From Dr. Craig Bremseth
Here’s a great dish for holiday gatherings, or Super Bowl watching parties, or just about any gathering where you want to serve memorable food that’s easy to make. Dr. Craig Bremseth at Personal Care Dentistry came across this recipe for Slow Cooker Teriyaki Chicken Wings recently at a great website called The Spruce Eats. He tried it, loved it, and wanted to share it. Try it out and your family and friends will be asking when you’ll be making it again.
These slow cooker chicken wings are broiled and then slow cooked in an Asian-style sauce mixture. You can add chili garlic paste — or sambal — to the sauce mixture for some heat, but that is optional. You could use crushed red chili flakes or cayenne for heat as well.
The recipe is easily scaled up for a crowd.
Prep: 10 mins
Cook: 2 hours 20 mins
Total: 2 hours 30 mins
Servings: 4 servings
- 3 pounds chicken wings (about 16 wings)
- Dash kosher salt
- Dash freshly ground black pepper
- 1 large onion (chopped)
- 1 cup soy sauce
- 1 cup brown sugar
- 1/4 cup dry sherry
- 1 tablespoon chili garlic paste or sauce (sambal), optional
- 2 teaspoons ground ginger
- 2 cloves garlic, minced
- 2 tablespoons of sesame seeds
Steps to Make It
- Pat chicken wings dry.
- Cut off and discard wing tips then cut each wing at the joint to make two sections.
- Sprinkle wing pieces with salt and pepper; place wings on a lightly oiled broiler pan.
- Broil about 4 inches from the heat for 8 to 10 minutes on each side, or until chicken wings are nicely browned. Transfer chicken wings to the slow cooker.

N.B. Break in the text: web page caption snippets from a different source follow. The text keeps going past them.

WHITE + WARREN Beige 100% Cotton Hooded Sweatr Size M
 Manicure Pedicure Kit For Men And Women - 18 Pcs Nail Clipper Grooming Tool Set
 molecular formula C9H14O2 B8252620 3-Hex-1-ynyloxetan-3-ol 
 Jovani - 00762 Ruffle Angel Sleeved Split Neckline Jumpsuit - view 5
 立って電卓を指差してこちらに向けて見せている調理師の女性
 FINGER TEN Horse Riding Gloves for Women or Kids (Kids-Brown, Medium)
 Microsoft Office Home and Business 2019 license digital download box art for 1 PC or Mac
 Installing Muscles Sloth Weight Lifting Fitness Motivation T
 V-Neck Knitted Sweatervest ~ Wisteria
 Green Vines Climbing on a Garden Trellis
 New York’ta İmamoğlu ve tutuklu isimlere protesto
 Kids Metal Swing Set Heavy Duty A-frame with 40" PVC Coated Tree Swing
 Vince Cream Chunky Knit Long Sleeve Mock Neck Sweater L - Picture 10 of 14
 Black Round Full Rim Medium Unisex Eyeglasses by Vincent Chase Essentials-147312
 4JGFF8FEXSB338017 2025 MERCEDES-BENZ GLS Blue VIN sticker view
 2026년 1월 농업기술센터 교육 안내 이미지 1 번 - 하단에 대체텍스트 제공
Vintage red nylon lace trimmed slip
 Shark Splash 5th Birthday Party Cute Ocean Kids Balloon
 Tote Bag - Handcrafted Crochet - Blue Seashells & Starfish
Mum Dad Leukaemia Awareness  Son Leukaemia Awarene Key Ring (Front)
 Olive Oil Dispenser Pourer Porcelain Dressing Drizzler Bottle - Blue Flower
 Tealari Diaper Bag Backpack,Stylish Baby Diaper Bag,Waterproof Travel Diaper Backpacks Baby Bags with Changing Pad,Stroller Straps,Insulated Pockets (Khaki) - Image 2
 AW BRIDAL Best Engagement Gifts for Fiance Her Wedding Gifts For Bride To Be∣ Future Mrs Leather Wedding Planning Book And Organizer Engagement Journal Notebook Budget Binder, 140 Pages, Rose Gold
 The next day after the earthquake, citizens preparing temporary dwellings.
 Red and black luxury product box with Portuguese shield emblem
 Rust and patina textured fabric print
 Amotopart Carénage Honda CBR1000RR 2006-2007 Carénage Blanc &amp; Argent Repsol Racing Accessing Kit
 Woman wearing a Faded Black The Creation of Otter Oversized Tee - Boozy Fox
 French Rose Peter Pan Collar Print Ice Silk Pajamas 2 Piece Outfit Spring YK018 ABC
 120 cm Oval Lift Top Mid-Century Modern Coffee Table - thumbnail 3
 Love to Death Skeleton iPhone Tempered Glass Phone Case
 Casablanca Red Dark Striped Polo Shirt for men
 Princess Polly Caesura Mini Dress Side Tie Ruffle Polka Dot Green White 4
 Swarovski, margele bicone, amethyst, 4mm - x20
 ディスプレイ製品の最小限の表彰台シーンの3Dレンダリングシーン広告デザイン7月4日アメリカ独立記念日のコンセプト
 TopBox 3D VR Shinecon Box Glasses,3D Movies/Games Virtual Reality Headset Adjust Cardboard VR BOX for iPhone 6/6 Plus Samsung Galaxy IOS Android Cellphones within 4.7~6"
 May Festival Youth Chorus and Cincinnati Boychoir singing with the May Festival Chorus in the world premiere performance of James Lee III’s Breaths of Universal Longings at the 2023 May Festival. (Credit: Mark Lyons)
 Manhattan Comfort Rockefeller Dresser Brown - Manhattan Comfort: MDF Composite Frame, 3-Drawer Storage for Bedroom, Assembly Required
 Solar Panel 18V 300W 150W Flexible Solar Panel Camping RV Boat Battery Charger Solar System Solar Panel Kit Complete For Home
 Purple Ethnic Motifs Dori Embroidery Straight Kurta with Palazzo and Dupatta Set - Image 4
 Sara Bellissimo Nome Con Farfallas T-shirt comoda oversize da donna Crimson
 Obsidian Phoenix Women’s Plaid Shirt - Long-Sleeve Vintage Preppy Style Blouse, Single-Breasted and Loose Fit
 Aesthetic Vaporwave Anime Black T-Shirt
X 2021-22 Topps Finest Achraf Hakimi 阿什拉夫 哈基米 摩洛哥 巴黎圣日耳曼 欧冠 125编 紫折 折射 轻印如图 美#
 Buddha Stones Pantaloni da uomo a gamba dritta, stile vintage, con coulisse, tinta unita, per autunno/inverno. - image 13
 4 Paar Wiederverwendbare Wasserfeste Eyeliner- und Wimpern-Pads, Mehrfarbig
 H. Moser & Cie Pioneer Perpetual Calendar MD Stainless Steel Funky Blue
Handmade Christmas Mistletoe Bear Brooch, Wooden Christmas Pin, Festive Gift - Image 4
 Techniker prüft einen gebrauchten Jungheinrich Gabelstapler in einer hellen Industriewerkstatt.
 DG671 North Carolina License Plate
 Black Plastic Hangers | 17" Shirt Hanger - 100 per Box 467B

- In a bowl, combine chopped onion, soy sauce, brown sugar, sherry, chili paste (if using), ginger, and minced garlic. Pour sauce over chicken wings.
- Cover and cook on LOW for about 4 hours or on High for about 1 1/2 to 2 1/2 hours.
- Stir the chicken wings once about halfway through cooking.
- Serve directly from slow cooker with the temperature on LOW or WARM.
- Just before serving, sprinkle sesame seeds over the wings.